WHAT NEEDS TO BE DONE - The lines in the listing below are to be given again exactly, starting at the line holding "BAPY MOON RHINESTONE BAG" and ending at the line holding "WHO Vibes Wake". Do not include pictures.

DATA IN THIS EXERCISE -
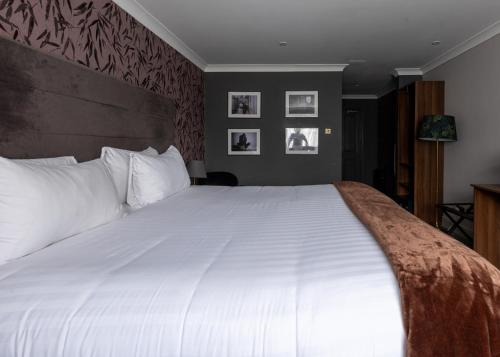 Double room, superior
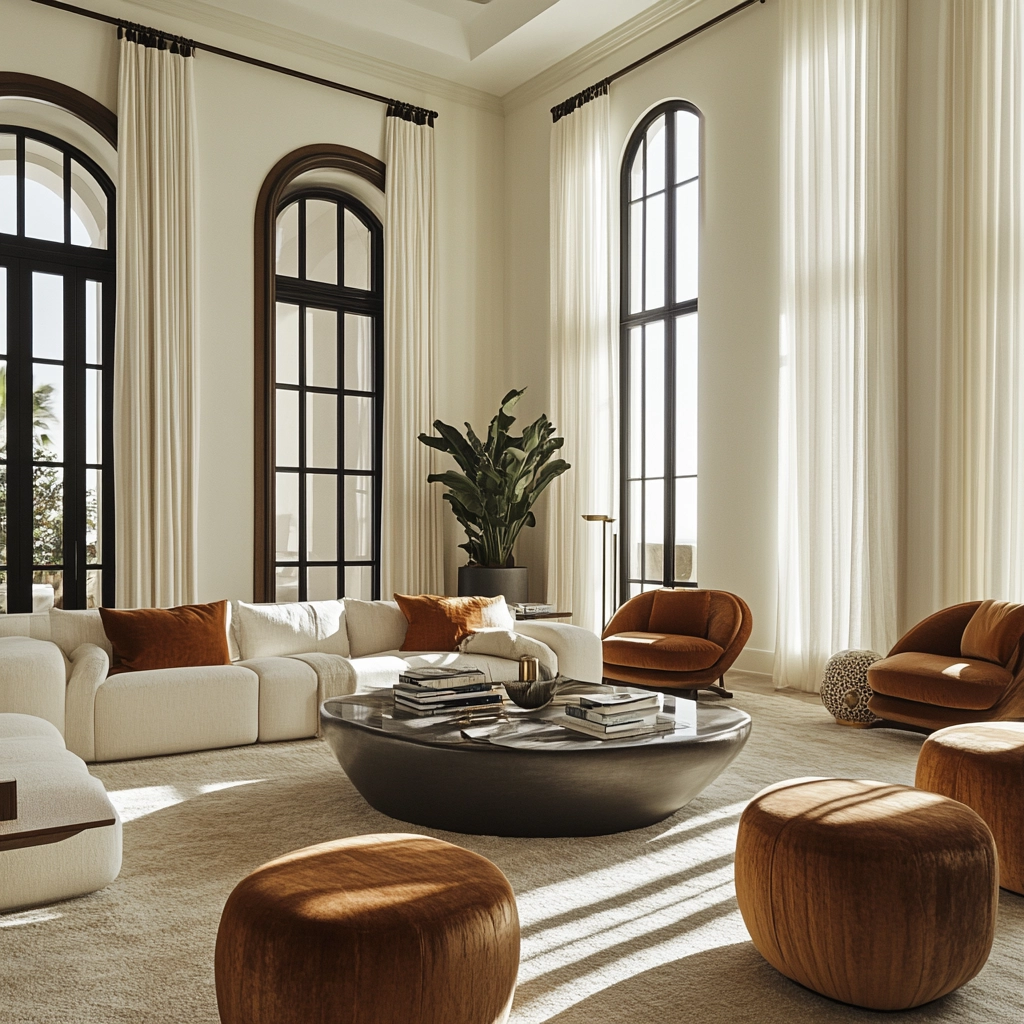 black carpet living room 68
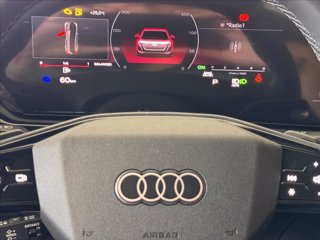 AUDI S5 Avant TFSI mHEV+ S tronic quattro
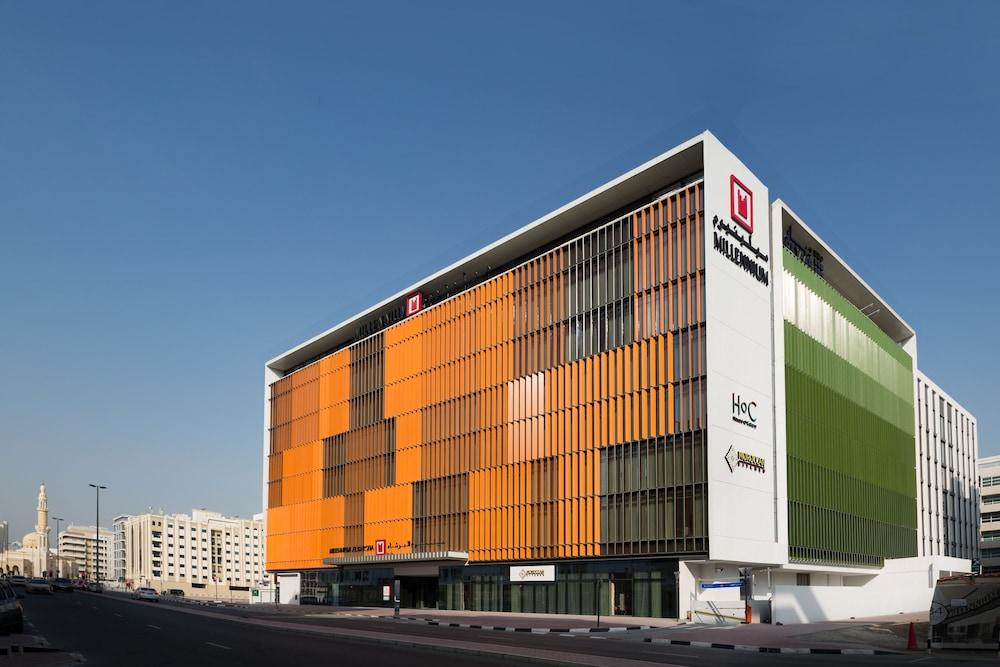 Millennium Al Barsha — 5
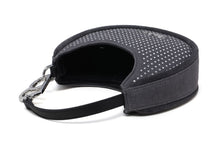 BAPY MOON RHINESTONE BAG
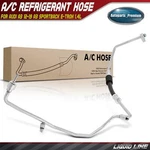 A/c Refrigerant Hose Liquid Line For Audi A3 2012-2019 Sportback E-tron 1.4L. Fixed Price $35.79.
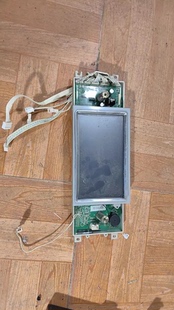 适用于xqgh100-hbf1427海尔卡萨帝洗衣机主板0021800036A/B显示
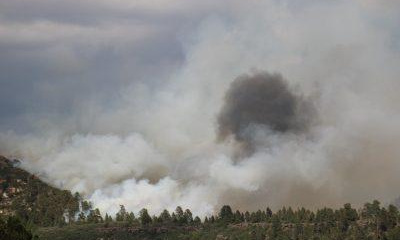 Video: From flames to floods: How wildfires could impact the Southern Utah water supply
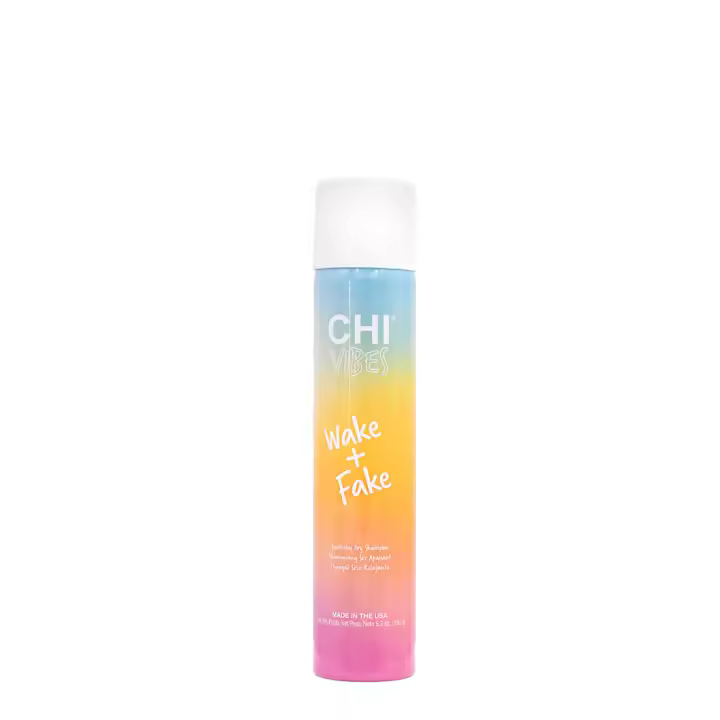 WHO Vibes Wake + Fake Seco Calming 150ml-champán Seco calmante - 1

---

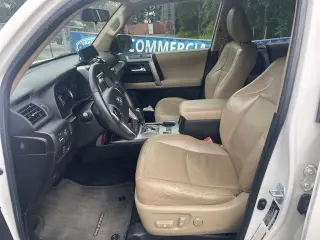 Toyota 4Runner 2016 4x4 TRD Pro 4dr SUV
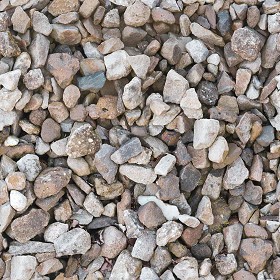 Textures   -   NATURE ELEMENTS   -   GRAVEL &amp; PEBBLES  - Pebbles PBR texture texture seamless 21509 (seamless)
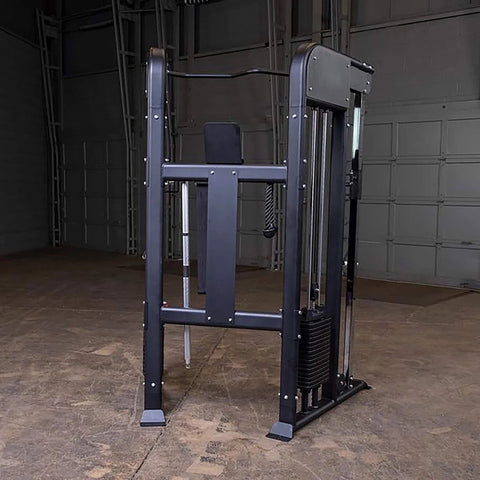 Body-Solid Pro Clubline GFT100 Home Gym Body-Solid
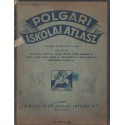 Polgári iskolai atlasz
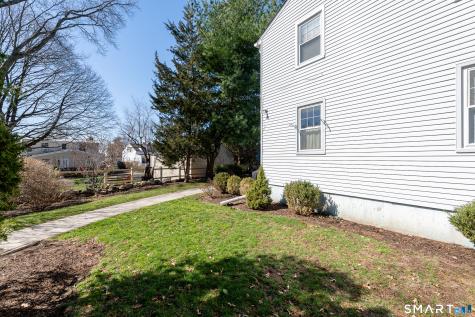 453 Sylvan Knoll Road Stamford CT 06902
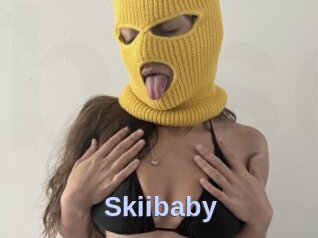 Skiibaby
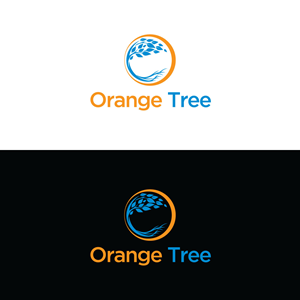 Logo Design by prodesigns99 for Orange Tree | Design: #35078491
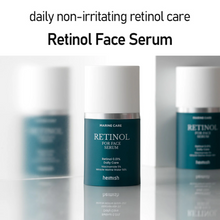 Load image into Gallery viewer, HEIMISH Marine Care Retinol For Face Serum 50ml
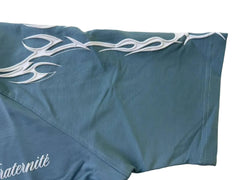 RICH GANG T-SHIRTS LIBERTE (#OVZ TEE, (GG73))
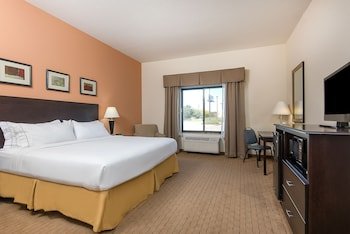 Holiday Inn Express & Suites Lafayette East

TASK OUTPUT -
 BAPY MOON RHINESTONE BAG
 A/c Refrigerant Hose Liquid Line For Audi A3 2012-2019 Sportback E-tron 1.4L. Fixed Price $35.79.
 适用于xqgh100-hbf1427海尔卡萨帝洗衣机主板0021800036A/B显示
 Video: From flames to floods: How wildfires could impact the Southern Utah water supply
 WHO Vibes Wake + Fake Seco Calming 150ml-champán Seco calmante - 1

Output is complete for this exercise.